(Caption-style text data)
________________

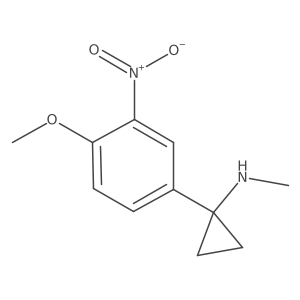 1-(4-methoxy-3-nitrophenyl)-N-methylcyclopropan-1-amine Structure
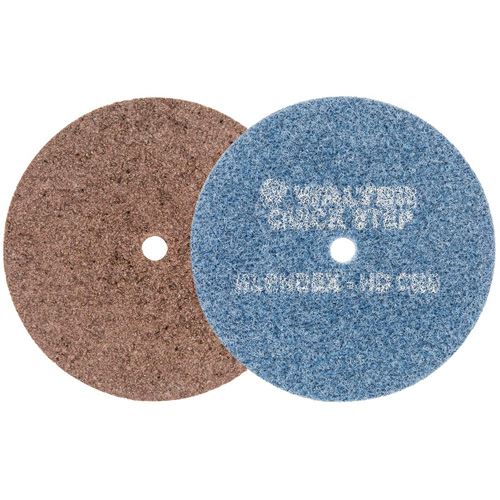 Disque de pr&eacute;paration de surface QUICK-STEP BLENDEX, 5" dia., Grain Extra grossier, Oxyde d'aluminium Ontario Packaging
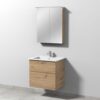 „Sanipa 3way Möbelset inkl. Spiegelschrank „“MALTE““, 65 cm, mit Push to open“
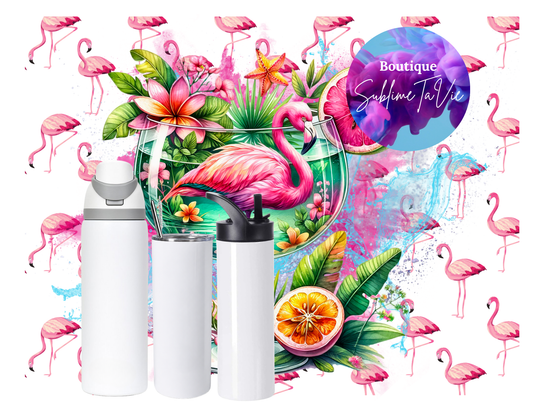 Tasse isotherme flamand rose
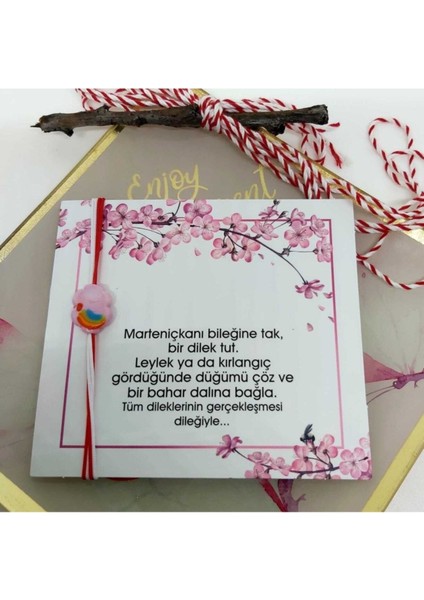Marteniçka Dilek Bilekliği - Bir Dilek Tut '' Pembe Bulut ''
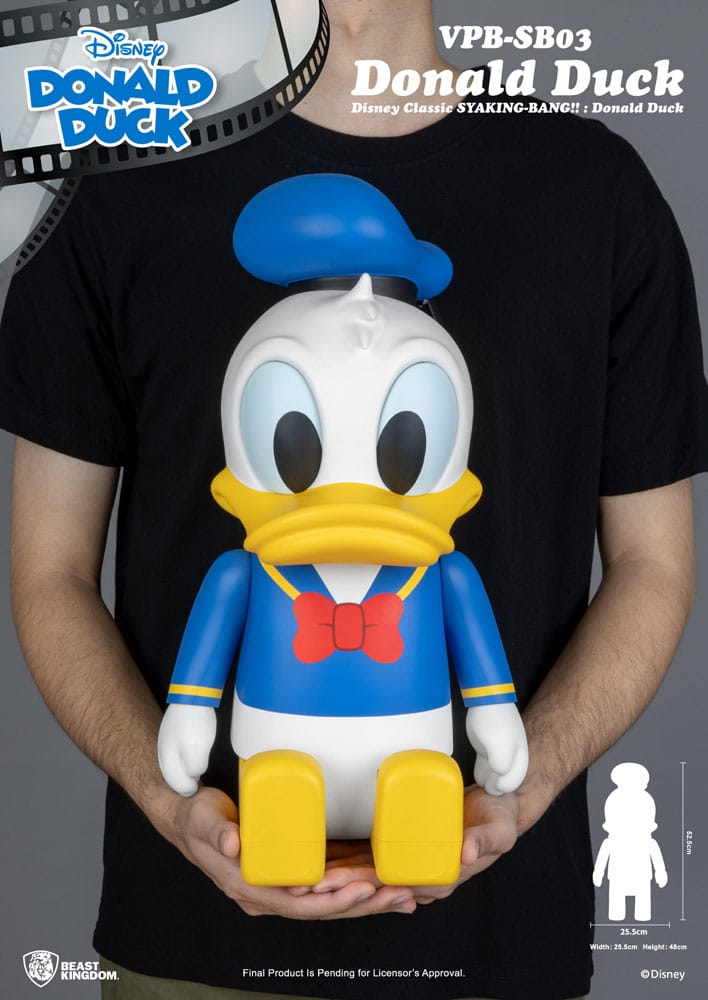 Disney Syaing Bang Vinyl Bank Mickey and Friends Donald Duck 53 cm 4711385246728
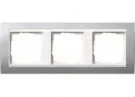 Gira 0213326 3-way cover frame for pure white Gira Event color aluminum Gira 0213326 3-way cover frame for pure white Gira Event color aluminum
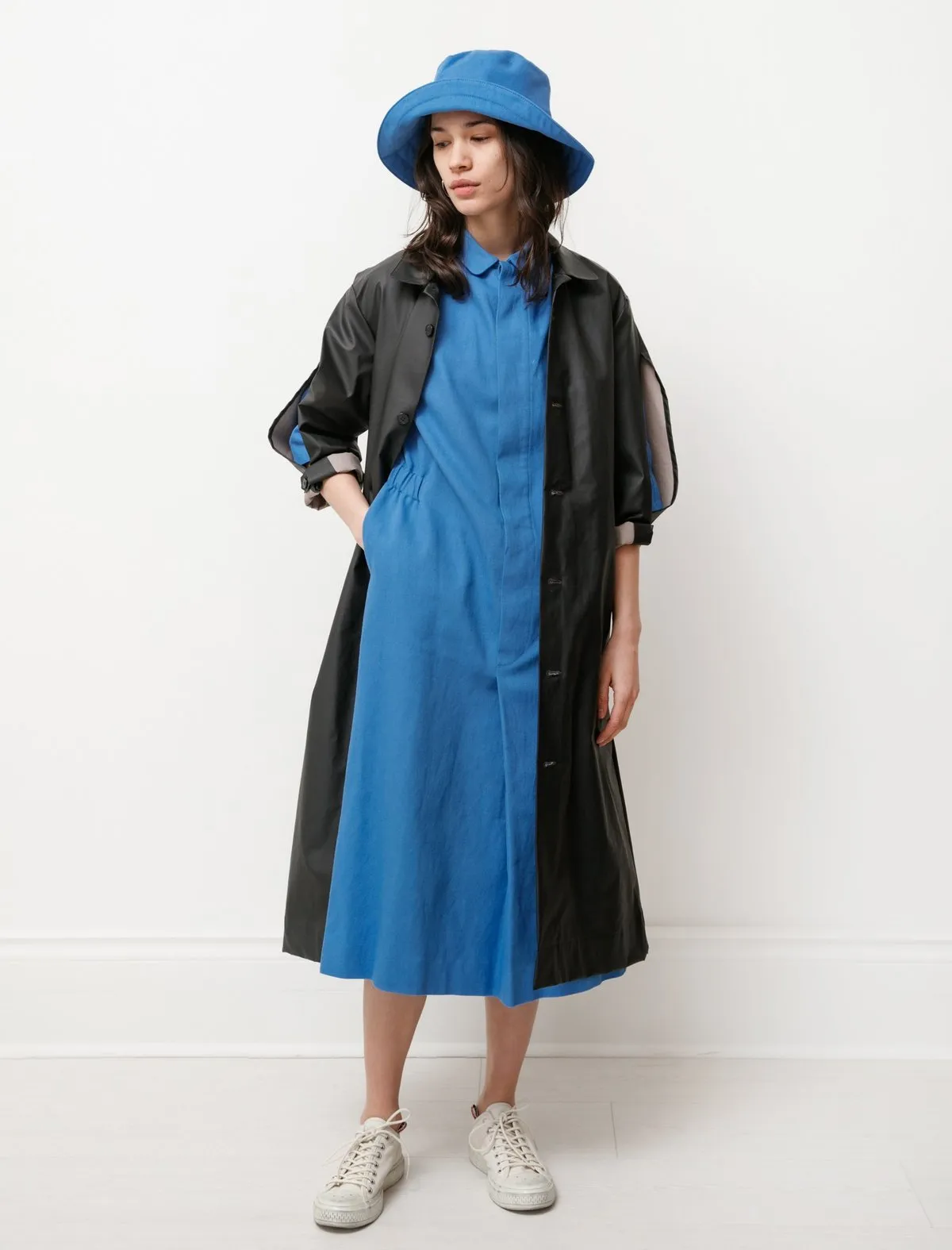 Lourdes Coat Dress - Black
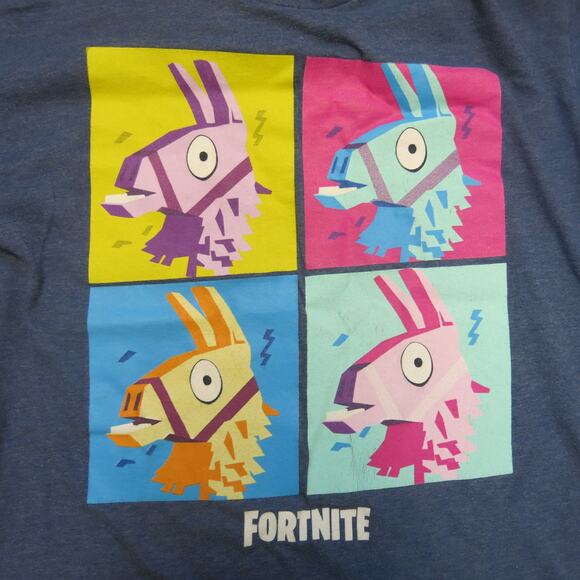 FORTNITE LLAMA Character T Shirt Size M Men Blue  Anime Gaming Loot Llama - Picture 2 of 6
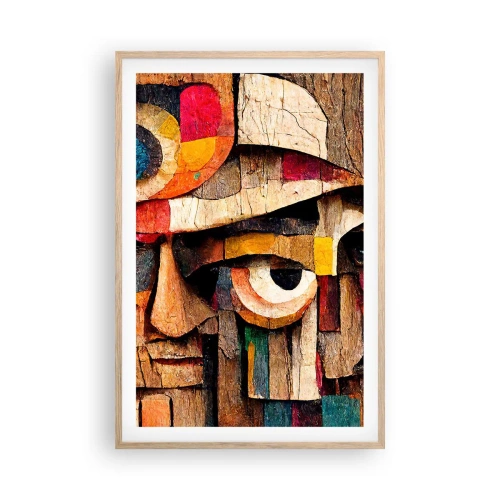 Poster în ramă de stejar deschis - Te văd... - 61x91 cm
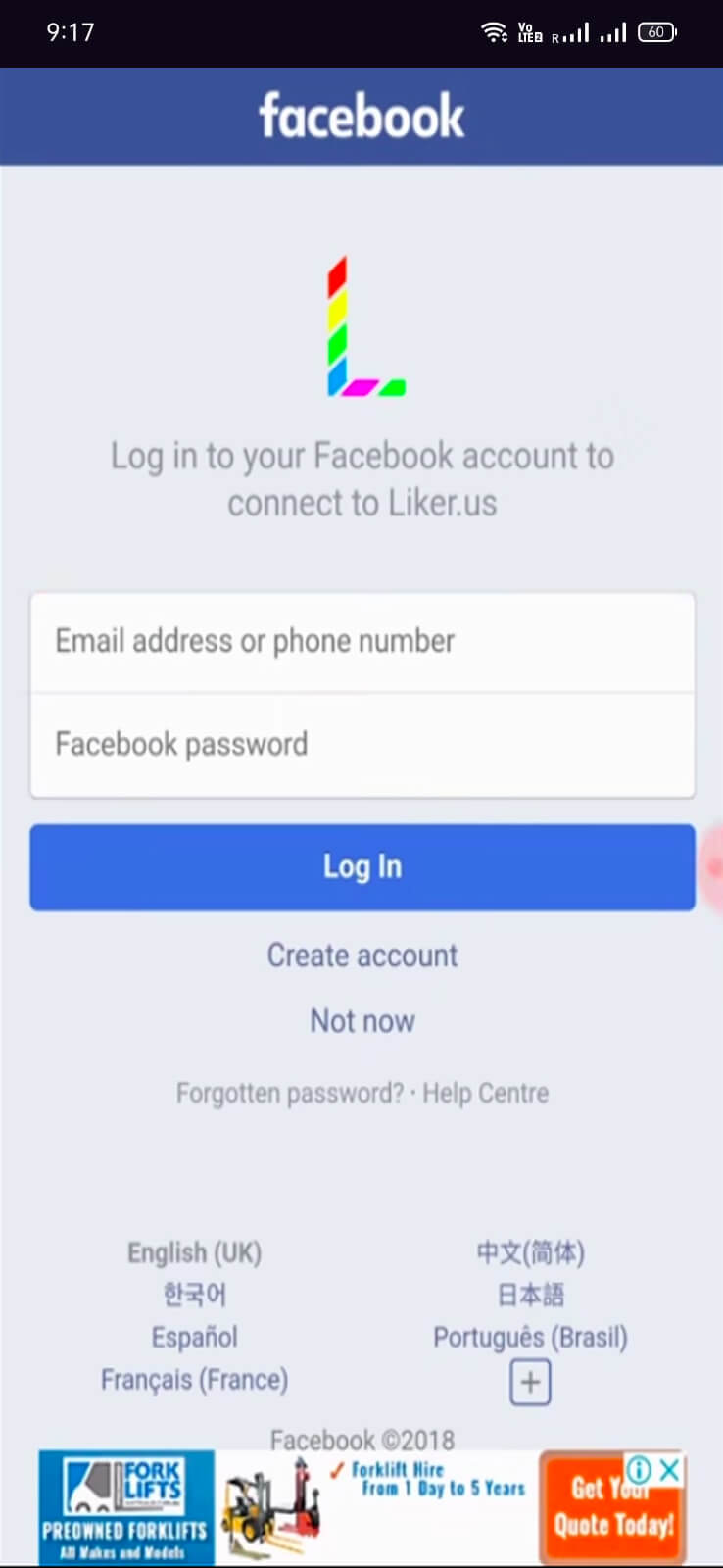 Screenshot Liker.us APK v30000 untuk Android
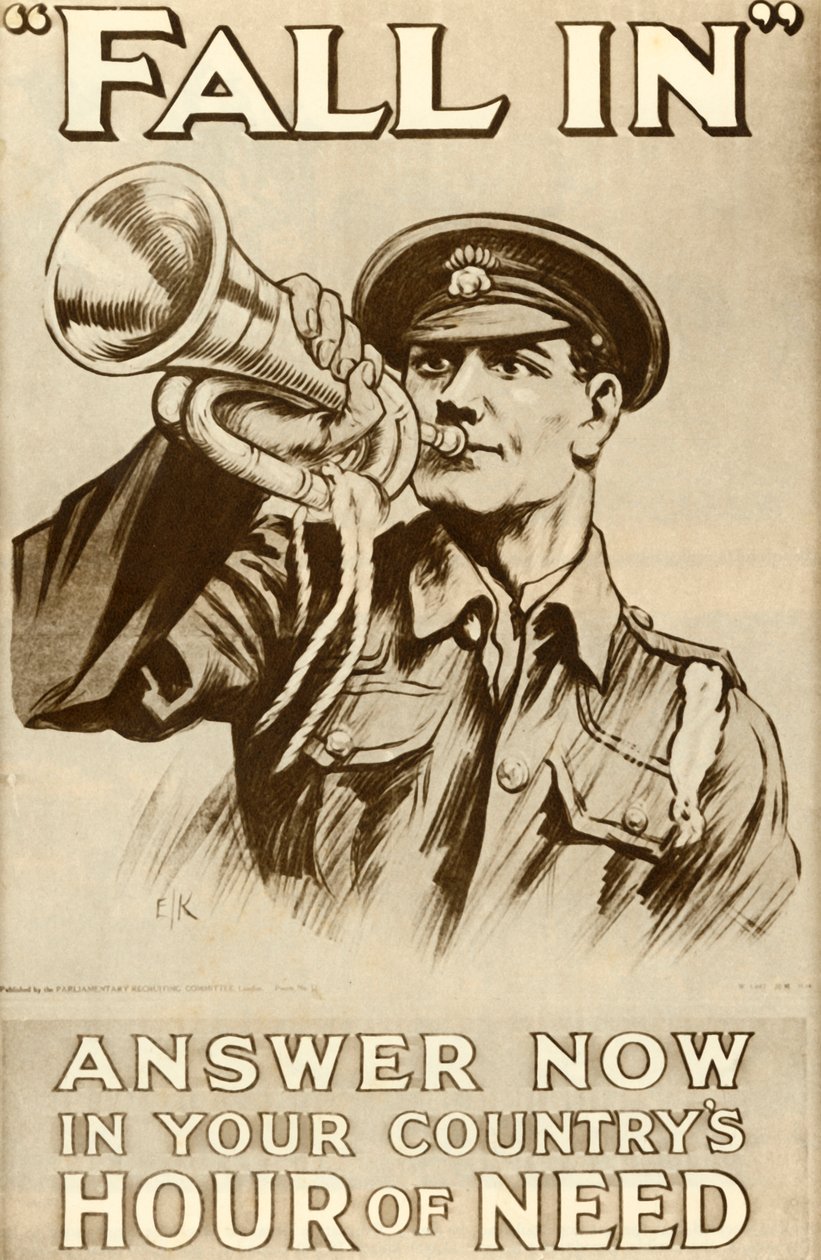 Ess be: Válaszolj most országod szükség órájában, 1915, 1935. alkotó: Unbekannt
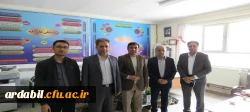 بازدید مسئولان و مدیران گروه های آموزشی دانشگاه از مدارس مجری طرح کارورزی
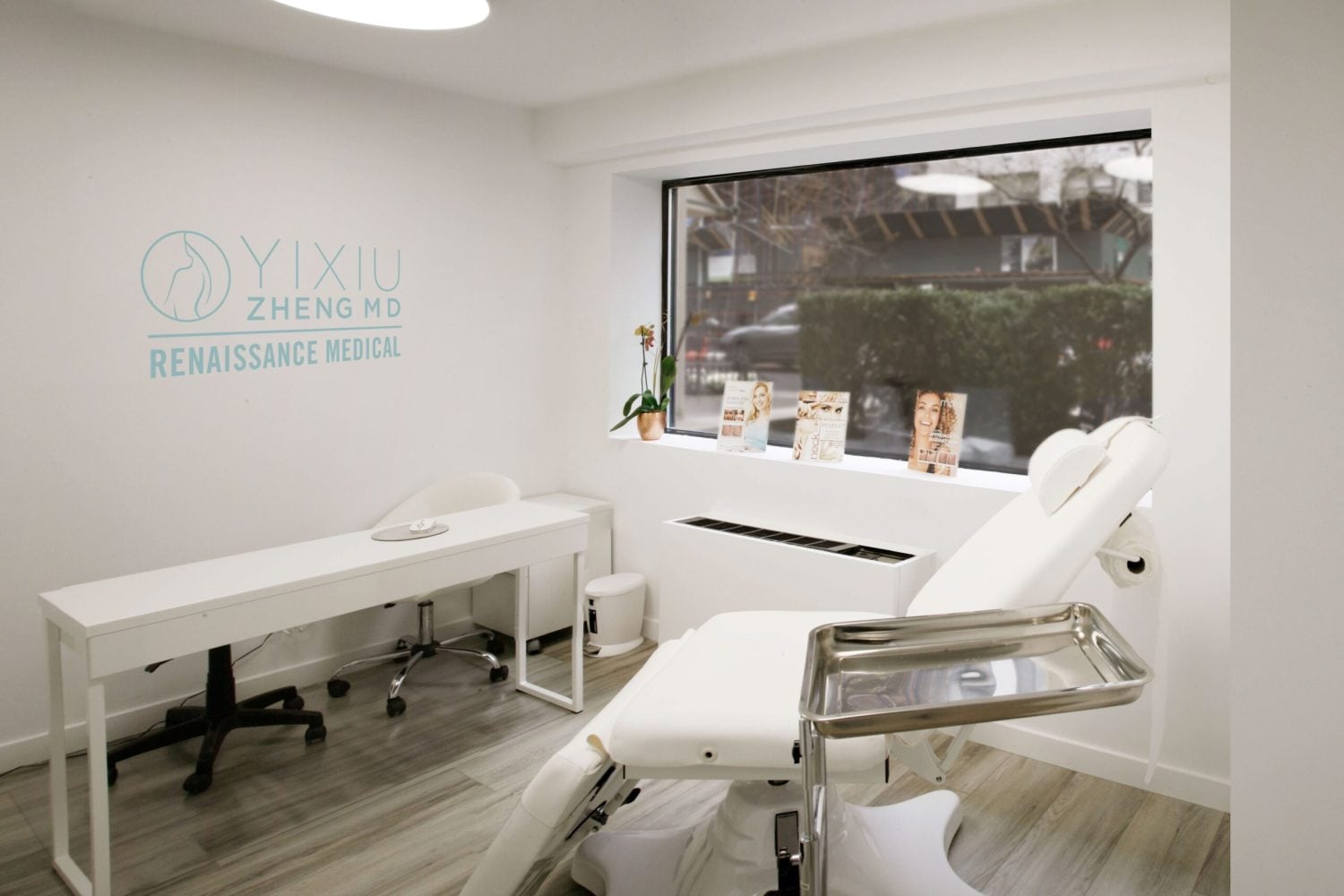 Treatment room with exam chair at Renaissance Medical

________________

Retype the line containing "Ess be: Válaszolj" and each line after it through the last line of the entries above, exactly, with no pictures and nothing else.

 Ess be: Válaszolj most országod szükség órájában, 1915, 1935. alkotó: Unbekannt
 بازدید مسئولان و مدیران گروه های آموزشی دانشگاه از مدارس مجری طرح کارورزی
 Treatment room with exam chair at Renaissance Medical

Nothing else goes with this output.